UNITED STATES
SECURITIES AND EXCHANGE COMMISSION
Washington, D.C. 20549
FORM 8-K
CURRENT REPORT
Pursuant to Section 13 or 15(d) of the Securities Exchange Act of 1934
Date of Report (Date of earliest event reported): June 10, 2008
SJ ELECTRONICS, INC.
(Exact name of Registrant as specified in charter)
Nevada | 00052284 | 87-0530644 | ||
(State of Incorporation) | (Commission File No.) | (IRS Employer | ||
Identification Number) |
5F, No.166, Sinhu 2nd Road
Neihu District, Taipei City 114
Taiwan
(Address of principal executive offices) (Zip Code)
Registrant's telephone number, including area code: (011)-8862-8791-8838
Check the appropriate box below if the Form 8-K filing is intended to simultaneously satisfy the filing obligation of the registrant under any of the following provisions:
o | Written communications pursuant to Rule 425 under the Securities Act (17CFR230.425) |
o | Soliciting material pursuant to Rule14a-12 under the Exchange Act (17CFR240.14a-12) |
o | Pre-commencement communications pursuant to Rule 14d-2(b) under the Exchange Act (17CFR240.14d-2(b)) |
o | Pre-commencement communications pursuant to Rule 13e-4(c) under the Exchange Act (17CFR240.13e-4(c)) |
Item 1.01 Entry into a Material Definitive Agreement.
On May 21, 2008, SJ Electronics, Inc. (the “Company”) filed a Current Report on Form 8-K to report that on May 15, 2008 it entered into and consummated a Note Purchase Agreement (the “Purchase Agreement”) to sell to certain accredited investors and to non-US persons $2,950,000 in principal amount 15% Senior Secured Convertible Notes Due 2009 (the “Notes”).
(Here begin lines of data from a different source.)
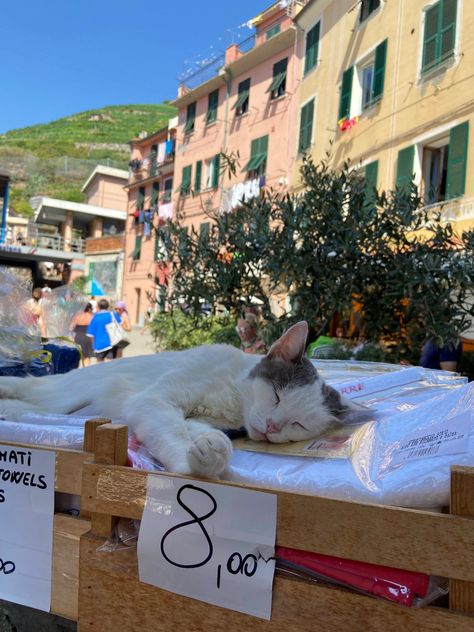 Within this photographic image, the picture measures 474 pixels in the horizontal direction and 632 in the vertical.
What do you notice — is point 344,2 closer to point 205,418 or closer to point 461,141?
point 461,141

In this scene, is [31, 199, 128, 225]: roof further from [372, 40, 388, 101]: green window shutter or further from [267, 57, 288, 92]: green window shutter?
[372, 40, 388, 101]: green window shutter

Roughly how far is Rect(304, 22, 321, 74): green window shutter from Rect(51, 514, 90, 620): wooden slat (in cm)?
1506

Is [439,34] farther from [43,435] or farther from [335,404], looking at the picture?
[43,435]

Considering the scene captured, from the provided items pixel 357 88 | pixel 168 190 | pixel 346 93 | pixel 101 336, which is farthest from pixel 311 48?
pixel 168 190

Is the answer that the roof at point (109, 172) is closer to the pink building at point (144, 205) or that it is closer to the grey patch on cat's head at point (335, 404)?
the pink building at point (144, 205)

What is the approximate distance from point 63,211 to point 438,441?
34401mm

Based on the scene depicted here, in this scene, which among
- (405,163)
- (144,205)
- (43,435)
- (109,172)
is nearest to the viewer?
(43,435)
On June 5, 2008, the Company filed a Current Report on Form 8-K to report that on May 30, 2008 the Company entered into and consummated a Purchase Agreement to sell to certain other accredited investors and non-US persons $700,000 in principal amount additional Notes.
On June 10, 2008 the Company entered into and consummated a Purchase Agreement to sell to certain other accredited investors and non-US persons $2,150,000 in principal amount additional Notes.
The Notes mature one year after the date of issuance. The Notes pay 15% interest (accruing monthly) at maturity, and are convertible into shares of the Company’s common stock, par value $0.001 per share (the “Common Stock”) at a conversion price equal to $1.30 per share (the “Conversion Price”). In the event of a conversion, accrued interest shall be automatically converted into common stock. In addition, the Company has the right to prepay the entire outstanding principal due under the Notes upon certain conditions, including, but not limited to, that no event of default has occurred or is continuing.
The Conversion Price is subject to adjustment for certain events, including the dividends, distributions or split of the Company’s Common Stock, or in the event of the Company’s consolidation, merger or reorganization. In addition, the Conversion Price is also subject to adjustment in the event that the Company’s pre-tax net income (the “Actual Income”) for the year ended December 31, 2008, shall be less than $10,000,000 (the “2008 Projected Income”). In such event the Conversion Price shall be reduced, if applicable, by a pro-rata percentage equal to the percentage of the shortfall in the Actual Income from the 2008 Projected Income; provided, that such adjustment shall not reduce the Conversion Price to a price lower than $0.65 per share.
The Company's obligations under the Purchase Agreement and the Notes are secured by certain accounts receivable of the Company, and by a guaranty of Yu-ping Agatha Shen, the Company’s Chairman, and the pledge of 10,000,000 shares of Common Stock owned by Ms. Shen, pursuant to a Pledge and Security Agreement, dated as of May 15, 2008. In addition, the Company entered into a Lockbox Agreement which provides that the Company shall direct its account debtors to pay funds owed to the Company to an account maintained for the ratable benefit of the investors, which funds shall be withdrawn from this account as set forth therein.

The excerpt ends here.